Twitter Plot Summary: A nearly blind courier joins forces with a single mother after his associate is murdered at her motel.
Starring Walter White himself, Bryan Cranston, target of geek adoration Alice Eve (following her appearance in Star Trek Into Darkness in not much more than her underwear) and the once and future Penguin (Gotham’s Robin Lord Taylor), Cold Comes The Night tells the story of motel owner Chloe (Eve) who is faced with the forced relocation of her daughter if she is not able to find an alternative place to live. The motel is, to borrow a phrase from Star Wars, a hive of scum and villainy (mostly prostitution) and clearly not the kind of place to be raising a child.
Cranston meanwhile is Topo, a Polish career criminal with failing eyesight who needs to reclaim the money recently misplaced following his most recent job. Chloe becomes his eyes in this quest, and a strange bond begins to form between them. Nothing much closer than one of professional respect, but ultimately proves to be a beneficial thing for both of them, at least in the short term.
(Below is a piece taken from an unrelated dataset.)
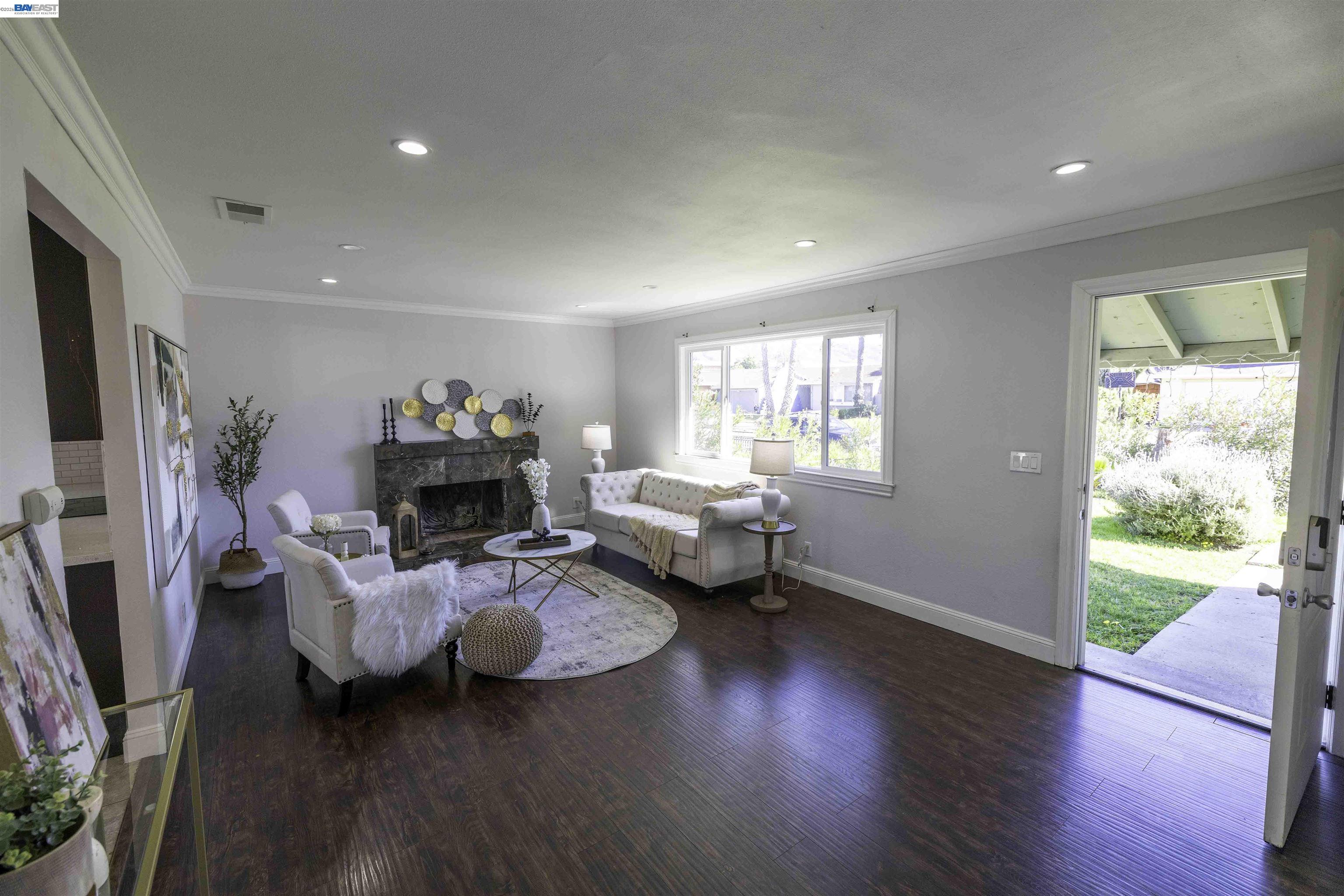 Detail Gallery Image 5 of 44 For 2513 Logsden Way, San Jose,  CA 95122 - 4 Beds | 2 Baths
The slow pace puts the emphasis on character rather than action, and that is the film’s selling point – besides Bryan Cranston, of course. Both of the main characters are trapped by their circumstances – Chloe with a hotel that she can’t escape from without serious capital investment, and Topo likely to lose his livelihood thanks to his failing eyesight. Both of them are similarly under pressure from the people around them – she from a social worker threatening to take her daughter away, and he from the men he owes money to. Into this mix is crooked cop Billy (an intense Logan Marshall-Green) who has a business interest in the motel (read: he’s a pimp) and doesn’t take kindly to both Chloe talking back at him, and Topo’s interference.
While the pace is relatively slow by thriller standards, the few brief action sequences are well structured and sufficiently tense, more so when you consider Topo’s lack of eyesight. He might be old and on his way out, but the man still has mad skills. It might perhaps be best to avoid discussion about Cranston’s accent however, as it isn’t the best. There’s no doubting his performance besides this, however. Alice Eve puts in a good performance as Chloe, ably demonstrating her conflicting emotions and her gradual ascension towards self sufficiency in the face of adversity. It’s as classic a character journey as you’ll ever get.
Meanwhile, the shocks and twists leading into the finale keep things interesting and all narrative threads are tied up nicely. The relationship between Chloe and her daughter Sophia (a solid turn from youngster Ursula Parker) is believable, however the history between Chloe and bent copper Billy could have benefited from a touch more development earlier on in the narrative before expanding out. It would have also been good to see more of the relationship between Chloe and Topo as it doesn’t get nearly as much time as it deserved. Still, what we are presented with is a decent if mostly unspectacular thriller.